Who Really Pays Taxes

Now that we have had some time to digest the tax reform bill passed last year we can start to look at the numbers and try to figure out who is making political comments and who is actually telling the truth.

First we have to look at the corporate tax rate.  The bill reduced this top rate from 35% to 21%.  Immediately the Democrats started calling it a corporate give away.  They developed a form of amnesia because only a year before President Obama was recommending a cut to 22%.  I guess that extra 1% was an enormous boondoggle to corporate America.

The results of that cut have already started to manifest itself.  Corporations are repatriating money that has been kept overseas due to the high tax rate.  Financial experts estimate that U.S. corporations have in excess of $3.5 Trillion dollars on accumulated profits stored abroad and that will start to come home. Under the tax legislation ,multinationals have to make a one-off payment on profits socked away overseas — 15.5% on cash holdings and 8% on illiquid investments. And after that, they can bring foreign profits home tax-free.  As the tax law goes into effect you can expect the majority of those funds to come back to the United States and be reinvested in the economy.

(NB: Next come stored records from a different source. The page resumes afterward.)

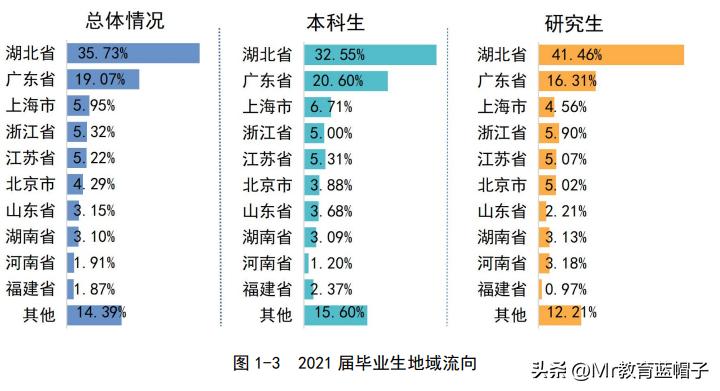 武汉理工大学到底怎么样,武汉理工大学实力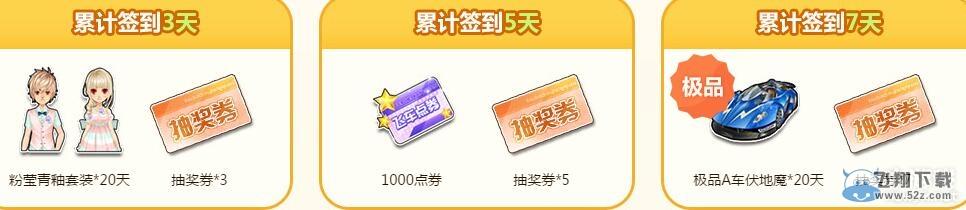 《QQ飞车》春暖花开 签到有礼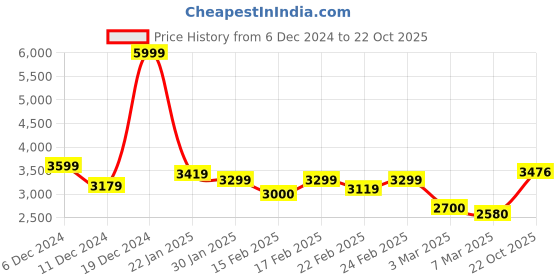 ajio.com puma Regular Fit Shorts with Insert Pockets puma Price History Graph from 6 Dec 2024 to 22 Oct 2025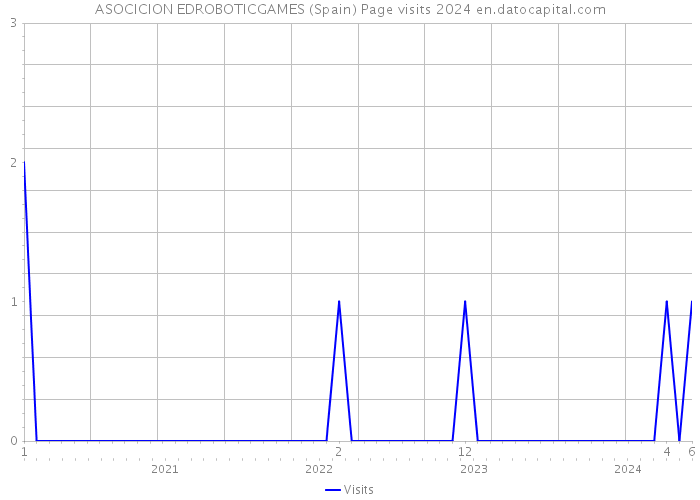 ASOCICION EDROBOTICGAMES (Spain) Page visits 2024 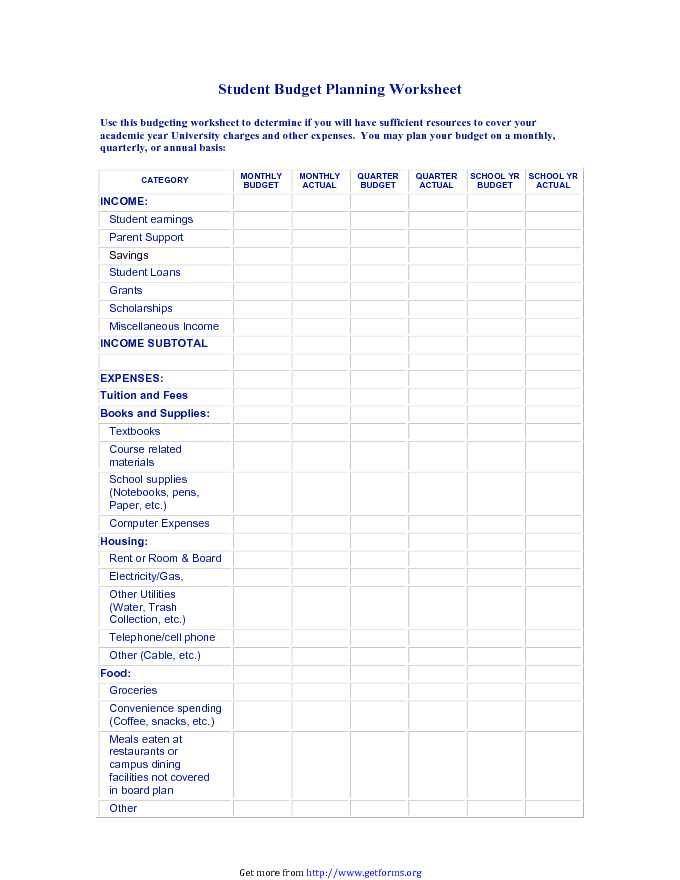 Student Budget Planning Worksheet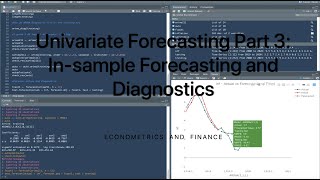 Insample Forecasting and Diagnostics in R [upl. by Godding549]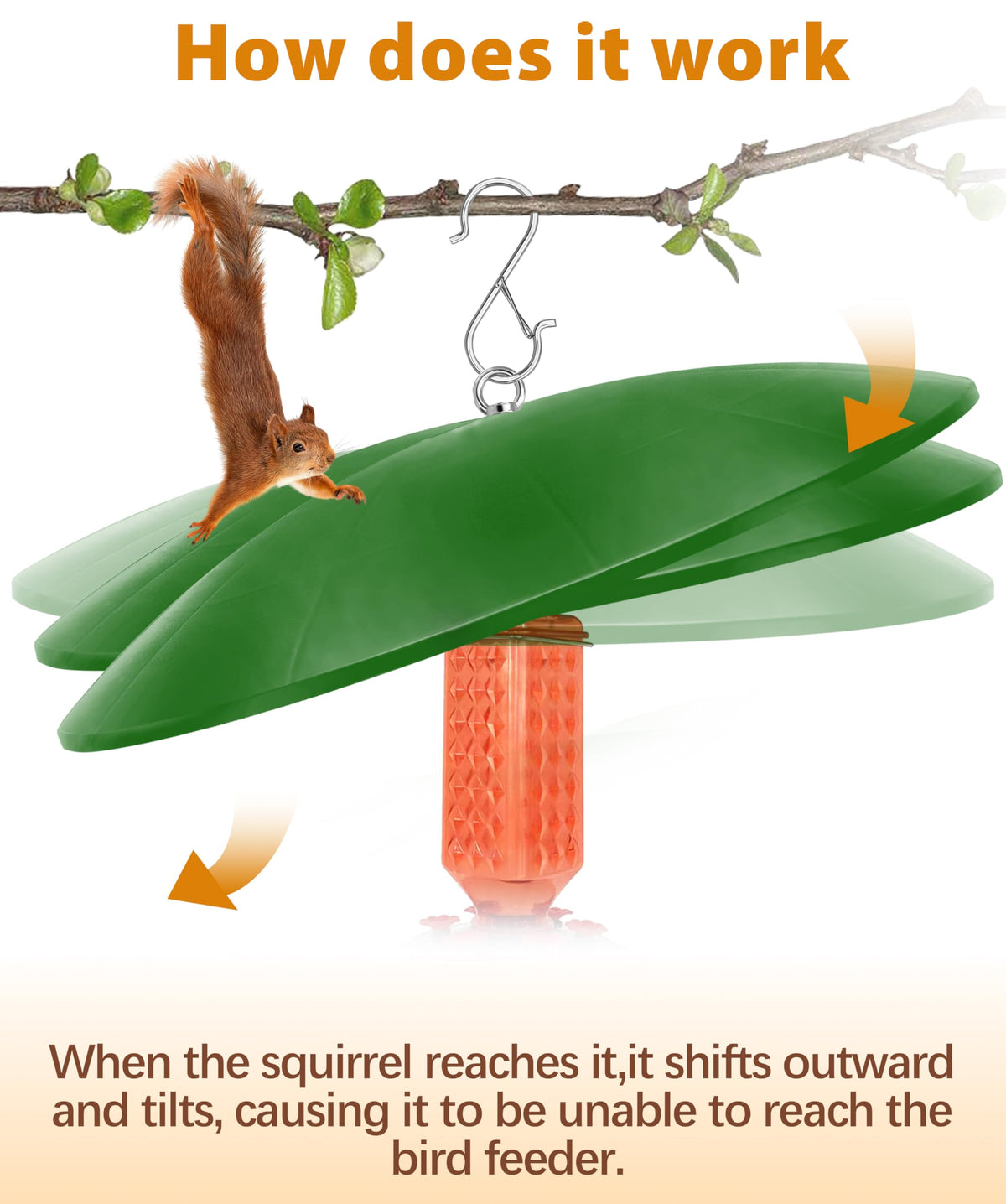 Andergi flap 60-degree mechanism closeup demonstrates squirrel deterrence.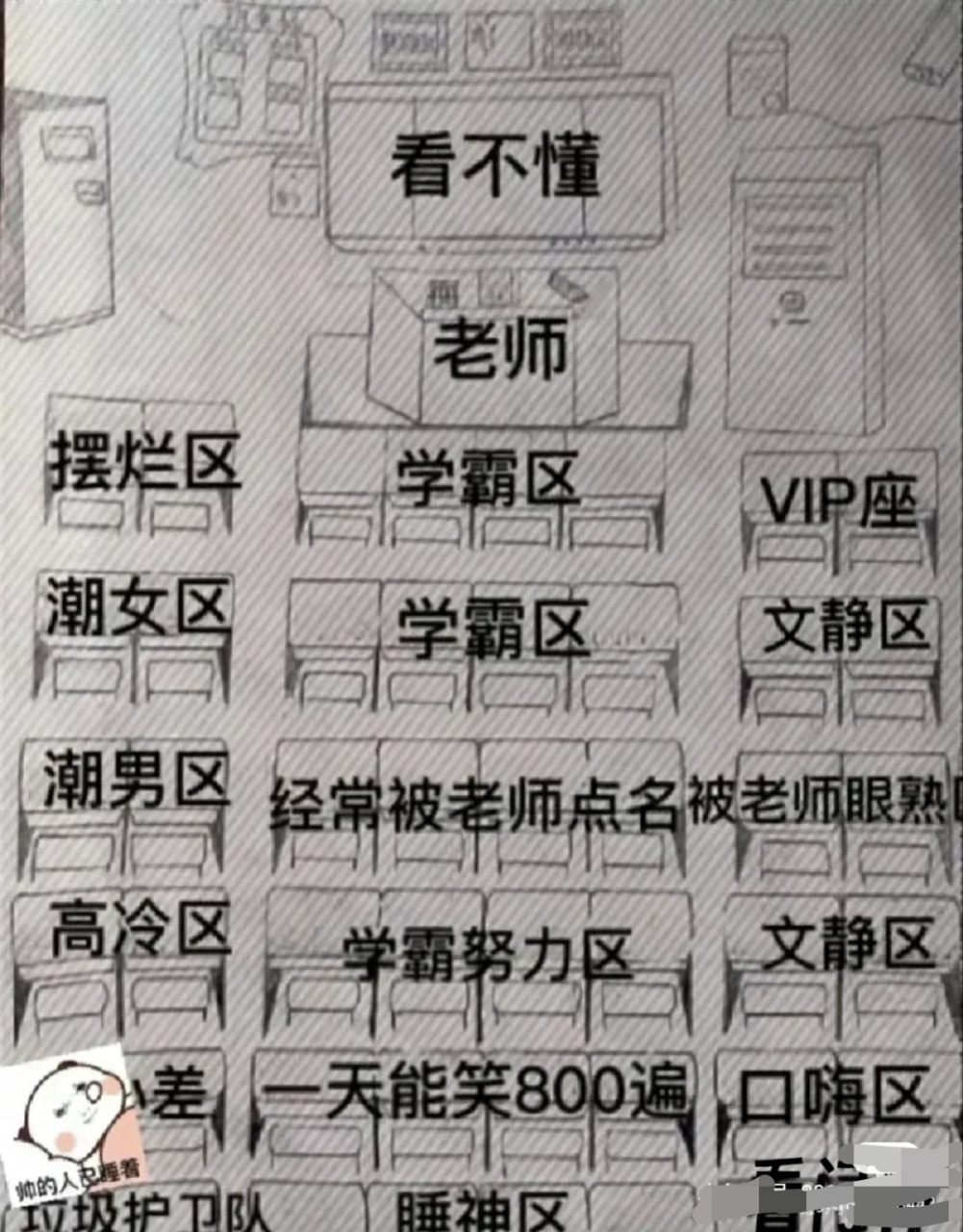 教室分布图学霸区图片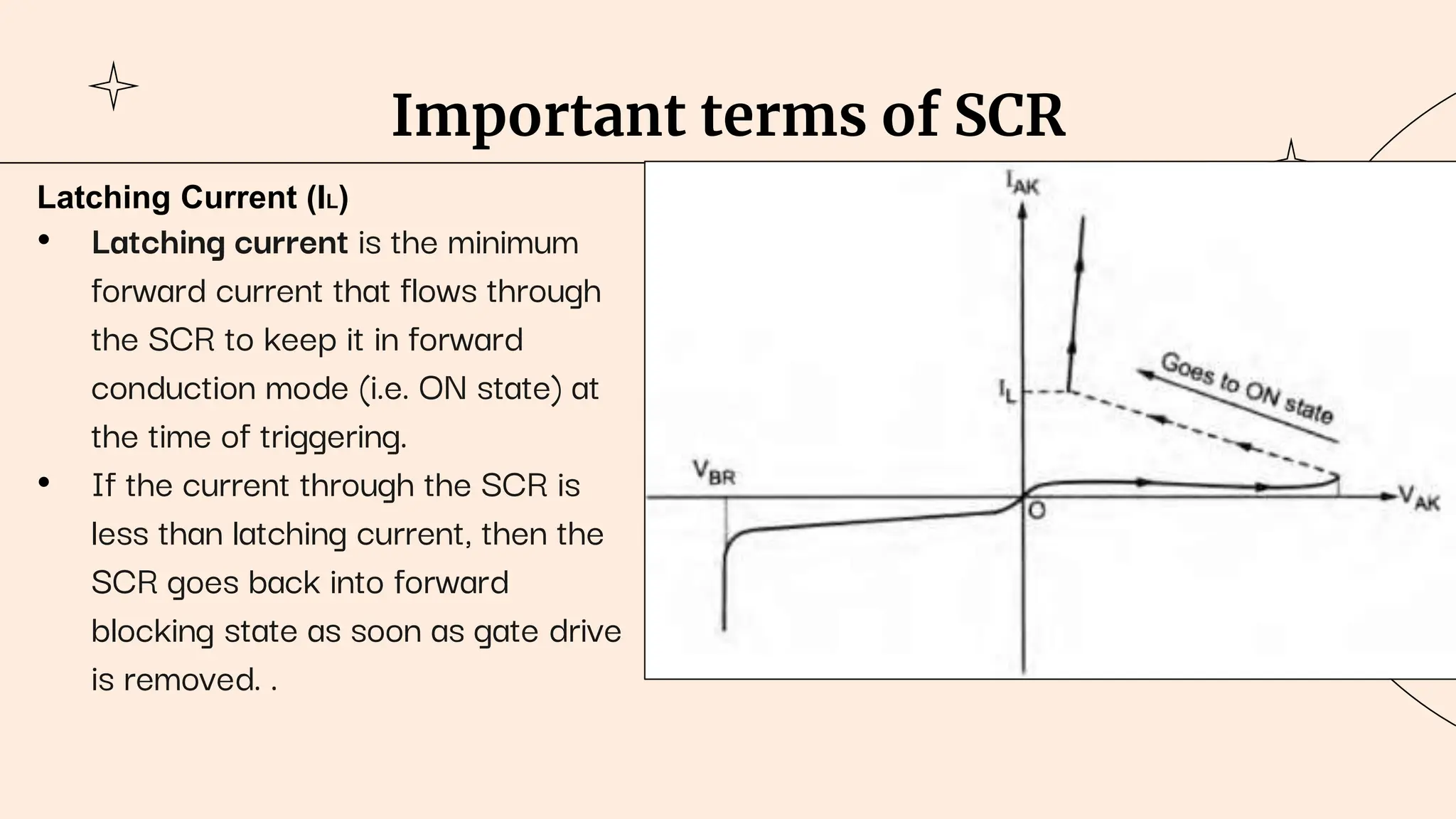 Important terms of SCR
Latching Current (IL)
• Latching current is the minimum
forward current that flows through
the SCR to keep it in forward
conduction mode (i.e. ON state) at
the time of triggering.
• If the current through the SCR is
less than latching current, then the
SCR goes back into forward
blocking state as soon as gate drive
is removed. .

Next we move to the individual rates.  Once again Democrats started a campaign against the tax bill on a two pronged attack. First the said it was only temporary for individuals while the corporate was permanent.  This was part of their corporate give away claim.  They point out in the law that individual cuts will expire in 2025.  What they do not say is the reason for this expiration date.  The tax bill was done under what is called budget reconciliation. This was the only way the Republicans in the Senate could pass the bill without it being subjected to a Democrat filibuster, something the Democrats promised they would do.  There was no way they were going to sit back and allow the Republicans and President Trump pass something as important as Tax Reform on a bipartisan vote.  That would mean they agreed with what they were doing and politically that would not sit well with their far left base.  They have to oppose everything.  Under the reconciliation process they could not make the individual cuts permanent but nobody in Washington expects them to be repealed.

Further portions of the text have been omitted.